MERLIN'S SHOP OF MYSTICAL WONDERS. Somehow Ernest Borgnine got roped into... this. He plays a kindly old man telling his grandson some bedtime stories. (Does this remind you of the linking elements in THE PRINCESS BRIDE? The comparison ends here.) Apparently Borgnine's character was a TV writer and during the course of this movie he tells his son of two rejected scripts involving Merlin the sorcerer running a magic shop in the USA of the 1970s.
The first story involves an evil guy who writes reviews for a living (Amazon Top 100: beware) accidentally learning magic and lighting his cat on fire. The second is about an evil monkey toy that kills all the pets in a small suburban household. Oh boy, this movie was just awful. Apparently I wasn't the only one to think so; most of the riffs just involve the cast blatantly insulting the film rather than coming up with amusing quips. I can't say I blame them, but this ends up being a lesser episode.
TIME CHASERS. The film that does for Vermont what BOGGY CREEK II did for Arkansas. Here lies a goofy science-fiction movie (that's not all that bad actually) about a computer geek who builds a time machine out of a charter airplane and a Commodore Disk Drive (I, too, once owned a Commodore 1541, but I never thought of hooking it up to a airplane -- this is why I'll never be a time-traveler). This is quite a lot of fun, although the time-travel logic doesn't quite seem to make sense. It looks like what would happen if a film crew shot a film in locations where they didn't have to pay any money. So, a public library becomes a corporate office building. A mall food court becomes a mall food court... of the future. And a rather modern-looking group of Revolutionary War re-enactors becomes, well, you can probably guess.

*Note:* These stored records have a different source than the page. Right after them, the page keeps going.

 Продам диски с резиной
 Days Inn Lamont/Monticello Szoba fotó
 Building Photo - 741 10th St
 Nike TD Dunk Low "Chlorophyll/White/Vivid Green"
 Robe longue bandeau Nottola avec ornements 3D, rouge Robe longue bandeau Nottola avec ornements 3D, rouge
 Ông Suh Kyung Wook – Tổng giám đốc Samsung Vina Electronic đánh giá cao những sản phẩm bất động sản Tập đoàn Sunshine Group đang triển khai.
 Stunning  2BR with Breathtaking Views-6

In the DVD introduction for TIME CHASERS, Mike Nelson informs us that the producers of the film found out about their film's imminent featuring on MST3k and threw a big party on the night of the premier. While they said they were fans of the show, they didn't quite seem to expect the "savaging" that the film received. Apparently, the party ended up being a bit of a depressing event. But the party should be lots of fun for everyone else; the mocking that this movie gets is hysterical. Crow starts out refusing to accept Mr. Hockey-Hair as the film's star, and things just get funnier from there.
THE TOUCH OF SATAN. This movie would be about a half an hour long if they cut out all the awkward pauses. The film's protagonist (who looks quite a bit like a young Gen. Wesley Clark with 70s hair) wanders into a nice country walnut farm that happens to be where Satan lives. Or maybe it's just Satan's bride. Or his daughter. Or something. I just finished watching it, and have no desire to say anything else about it. The sarcastic comments directed at it are well aimed and well deserved.

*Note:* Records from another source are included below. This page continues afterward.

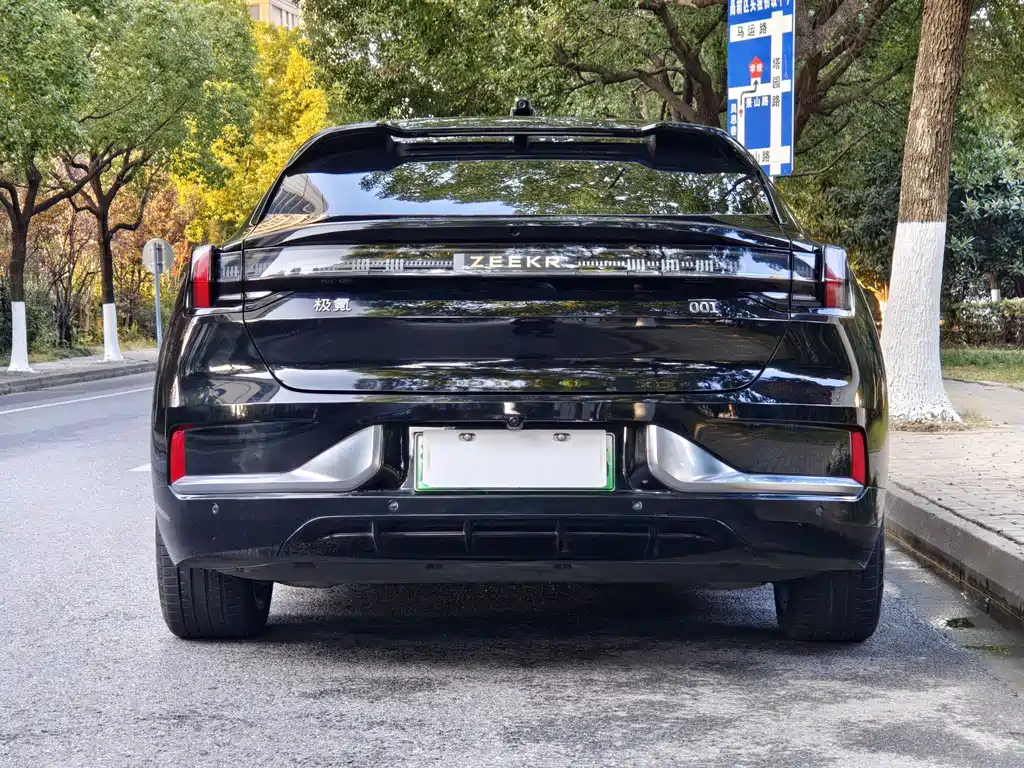 ZEEKR EXTREME KRYPTON 001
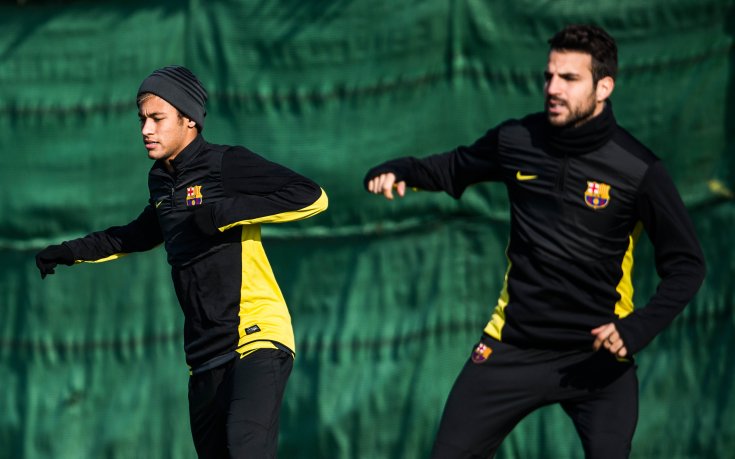 Фабрегас се завръща в игра за Барса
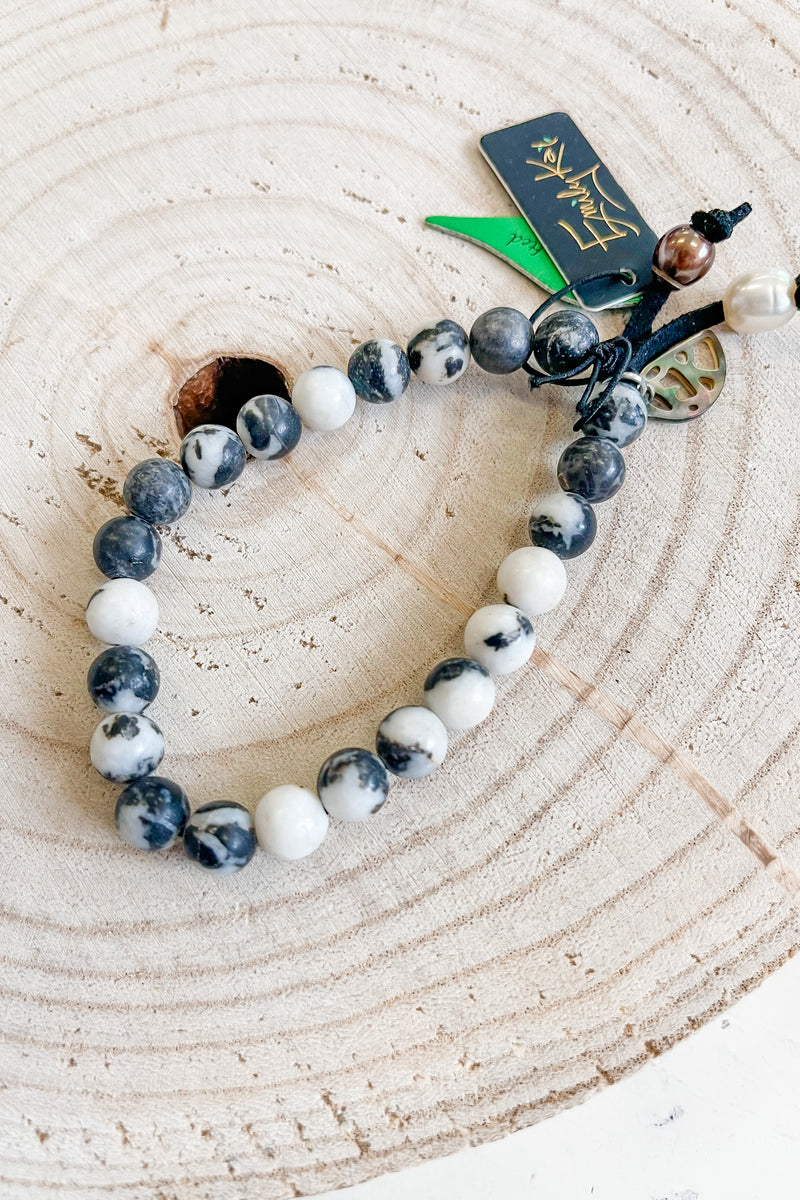 Knot Bracelet in Black & White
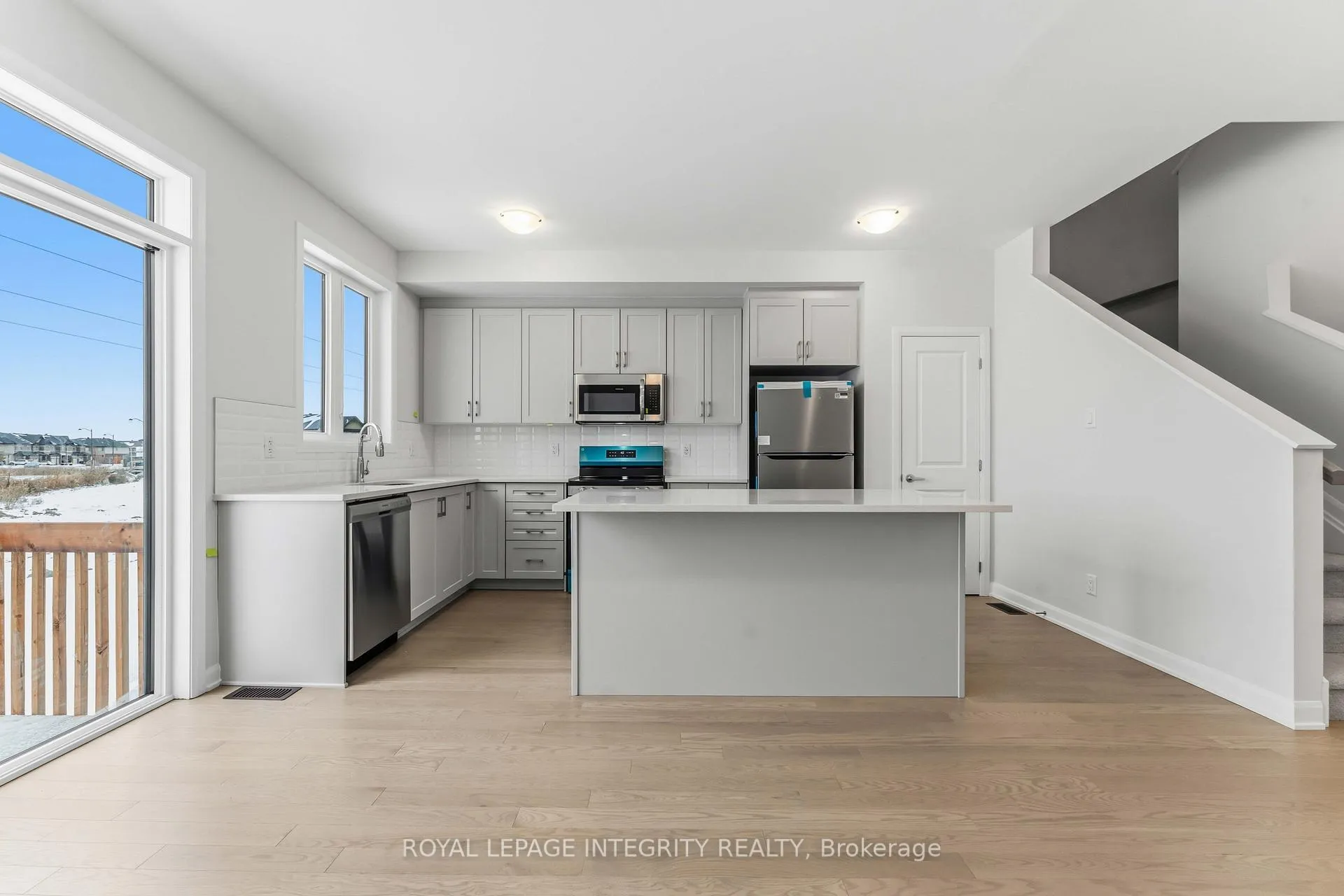Photo 7 of 714 Fairline Row, Ottawa, Kanata - Emerald Meadows/Trailwest — HOMEH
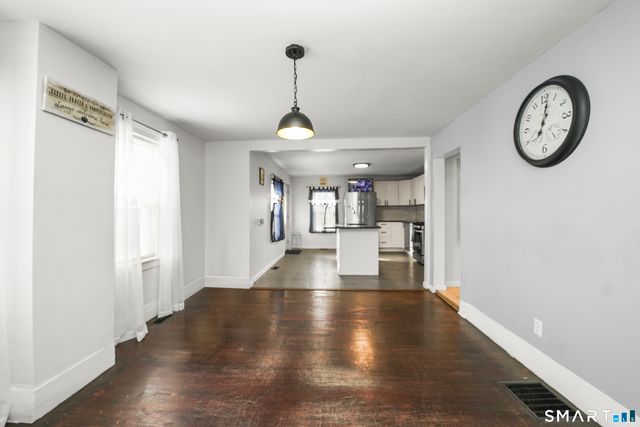 17 Windsor Street, Enfield, CT 06082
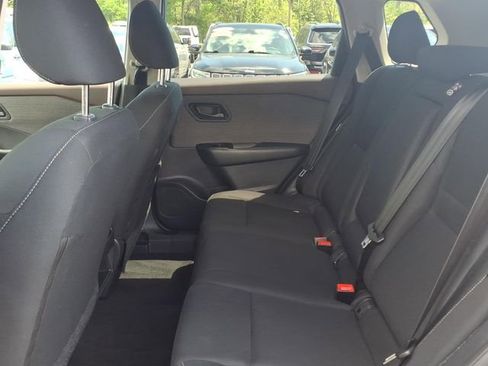 Used 2023 Nissan Rogue S AWD/4WD image 17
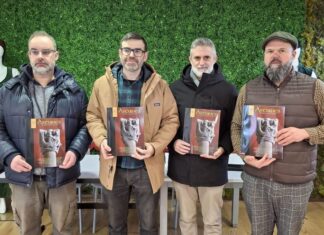 Presentación del nº44 de la revista de Fundación Belenos en el Museu de les naciones celtes. De izquierda a derecha. Daniel Cueli, Xuan Fdez. Piloñeta, yo y Bras Rodrigo.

The release of these MST3k DVD sets serves to remind me of how much I miss this show being in production. By a strange quirk of fate involving rights issues, MERLIN'S SHOP, although the third episode produced in the show's tenth and final season, ended up being broadcast about a month after the final episode aired. "The movies," Mary Jo Pehl coyly predicts during what would end up being the last host segment, "are only going to get worse." Well, the years since MST3k went off the airways have proved the evil Mrs. Forrester correct. And how can we expect to survive the awful films that the future will throw at us without our three friends in the bottom right corner easing our pain?